Developers completed only 110 apartments in 2005, though Reis expects that number to surge to 1,292 in 2006, and remain at more than 1,000 a year through 2010. Fortunately, Reis also expects the market to absorb 1,389 units in 2006, bringing positive absorption to the area for the first time since 2000. Reis expects that positive absorption to continue, increasing every year through 2010.
These figures do not include projections for condominium conversions, which took 419 rental units off the Detroit market in 2005 and 898 units off the market in 2004, Reis said.
Such conversions, which are concentrated in downtown areas, might help explain why the percentage of occupied apartments inside Detroit’s city limits held at a healthy 96.2 percent at the end of 2005, according to a survey of 1,711 apartments in the submarket for the Detroit Metropolitan Apartment Association (DMAA).
Apartments in the city itself still rent for less than in neighboring Oakland County, with studios leasing for $544 and two-bedroom, two-bathroom apartments leasing for $1,119 in Detroit, according to DMAA. In contrast, two-bedroom, two-bathroom apartments in south Oakland County rent for $1,370 on average.
Effective rents also grew throughout the market, despite the area’s high vacancy rate, averaging $751 in the first quarter, up from $743 a year before, according to Reis.
As vacancies rise, sale prices are dropping for apartment properties in the Detroit area. Garden apartment communities sold for an average $75,445 per unit in the first quarter of 2006 – not bad for the Midwest, where garden apartment units sold for an average of $66,407, according to data from Real Capital Analytics, a market analysis company based in New York City.
But cap rates have remained surprisingly stable. A cap rate expresses the income of a property as a percentage of the sale price. Garden apartments in Detroit sold at an average cap rate of 8.1 percent in the first quarter, well above the Midwest average of 7.4 percent.
Like many national apartment experts, Ron Terwilliger, CEO of Trammell Crow Residential, based in Atlanta, seems surprised that apartment cap rates have not gone higher in Detroit. “That’s just insane to me,” he said in a presentation at a National Association of Home Builders conference in April.
At least some investors seem to have more faith that Detroit’s problems are temporary and are buying up apartment properties.
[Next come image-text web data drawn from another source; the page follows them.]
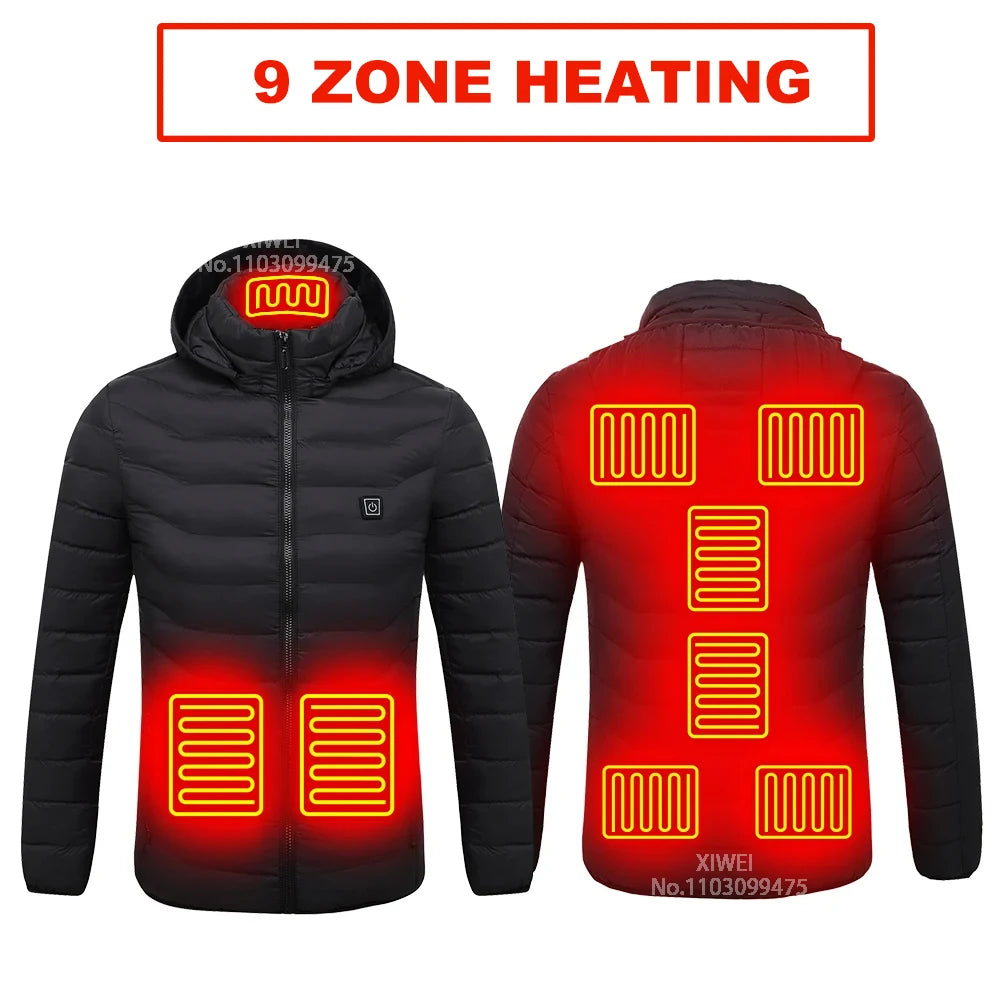 Heated Jacket Men Women USB Self Heated Clothing Washed Cotton Warm Coats Winter Thermal Skiing Camping Hiking Jacket 2-21 Areas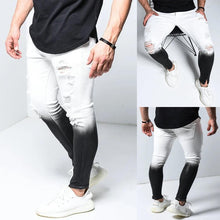 Load image into Gallery viewer, Fashion Men Skinny Jeans Stretchy Denim Slim Long Camouflage Pants Frayed Rip Bike Men Ripped Jeans 20 styles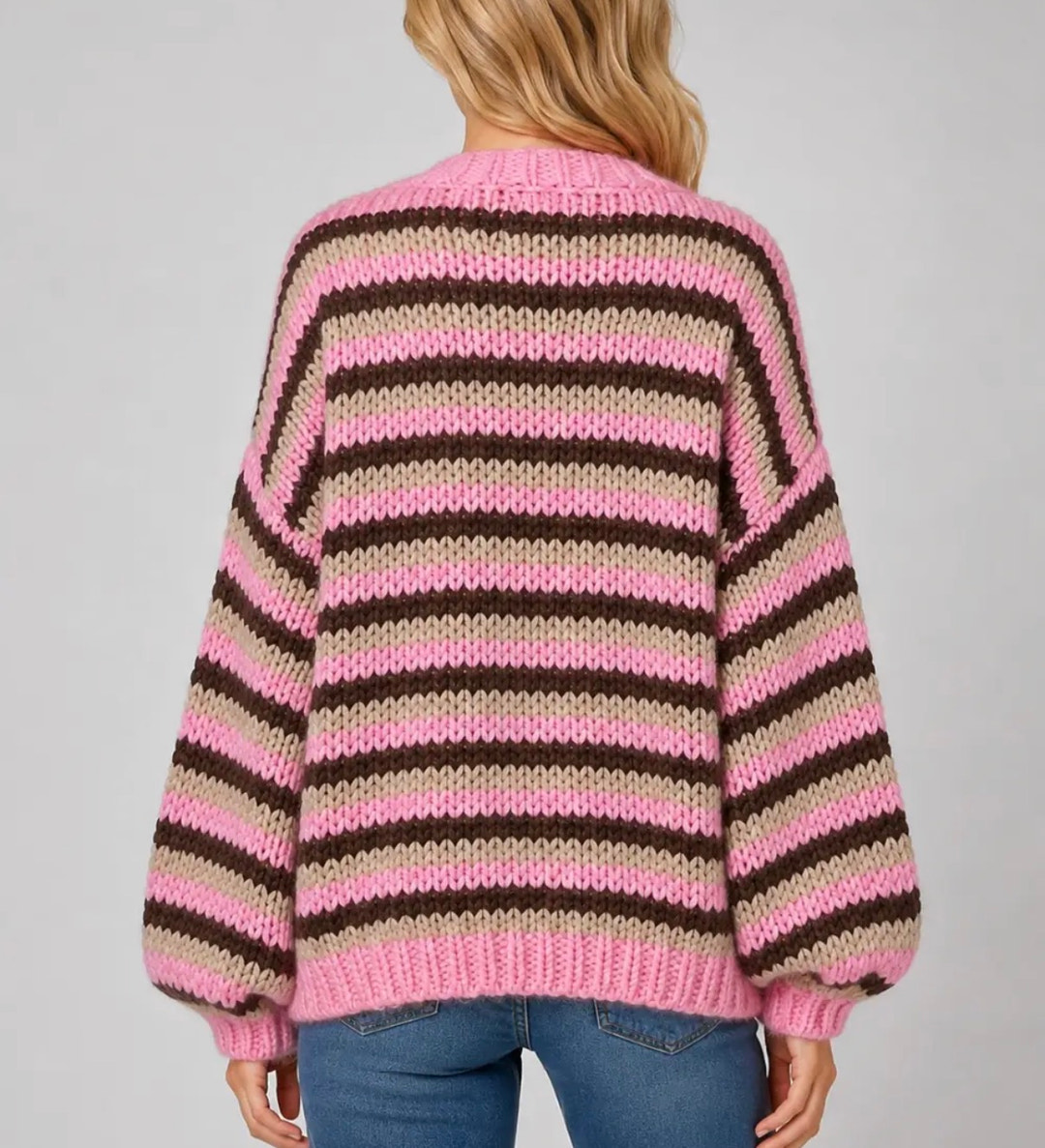Chunky Striped Cardigan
Many recent sales were made to local investors such as the Hayman Cos., based in Troy, Mich., and McKinley Associates, based in Ann Arbor, Mich.
Investors from outside the Detroit area also spent substantial sums over the last year to purchase properties in Michigan.
Southfield Apartments in Southfield, Mich., was bought by Archstone-Smith, based in Englewood, Colo., for $51.8 million or $131,000 per unit. Archstone bought the property as part of a portfolio of 36 properties owned by Oakwood Worldwide, based in Los Angeles.
Also in the first quarter, AEW Capital Management, L.P., based in Boston, bought Diamond Forest in Farmington Hills for $22.5 million, or $85,000 per unit, according to Real Capital Analytics.
Despite heavy job losses, these investors are betting on Detroit’s future and an apartment market that seems to be creeping down the road to recovery.